Insomma, niente illusioni. L’oblio non è concesso. Le vignette di Fabio Magnasciutti non offuscano i pensieri, anzi… la realtà, seppur con delicatezza, la devi guardare in faccia perché non può cibare la mente con le illusioni. Del resto non siamo dentro un racconto, né sull’isola dei Lotofagi, a Djerba. Non c’è Ulisse a salvarci dall’oblio, c’è l’arte però che mette in moto il nostro pensiero logico.

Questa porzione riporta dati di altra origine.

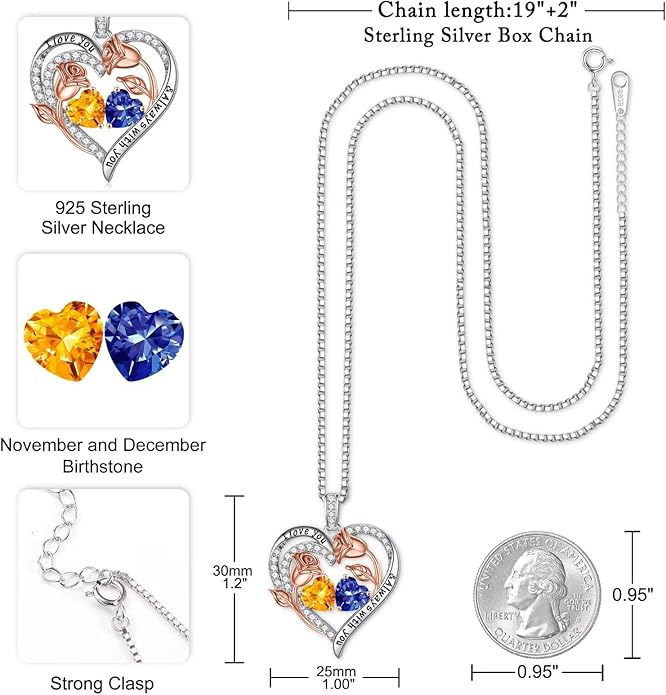 Iefil Valentines Day Gifts for Her - 925 Sterling Silver Rose Heart Birthstone Necklace Birthday Anniversary Jewelry Gifts for Her Wife Mom Daughter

A point of view creates more waves… ”cantava  Ian Curtis. Guardando le vignette di Magnasciutti, il senso che passa è proprio questo: immagini, parole, concetti creano un punto d’osservazione come quello di Fabio su un certo aspetto della realtà. Si muove fra guerre, disegna prospettive sull’immigrazione, si esprime sulla libertà di espressione, rappresenta sensazioni quotidiane dell’anima, inquadra la vita in ogni suo aspetto. Definisce linee visive parlanti. Nasce l’onda, quella che si muove dentro le teste degli osservatori e spinge al confronto, al ragionamento, all’empatia verso un pensiero, un fatto, un momento storico e lo dimostrano i tanti commenti alle sue vignette sui social. 

Finiamola così. Inutile dirvi chi è Magnasciutti, basta fare un giro sul web per scoprirlo. Non importa con chi abbia lavorato e, credetemi, il suo è un lavoro molto grande ed imponente, importa solo che la sua arte abbia un senso, un ruolo, “un punto di vista laterale“ per dirla alla Fabio.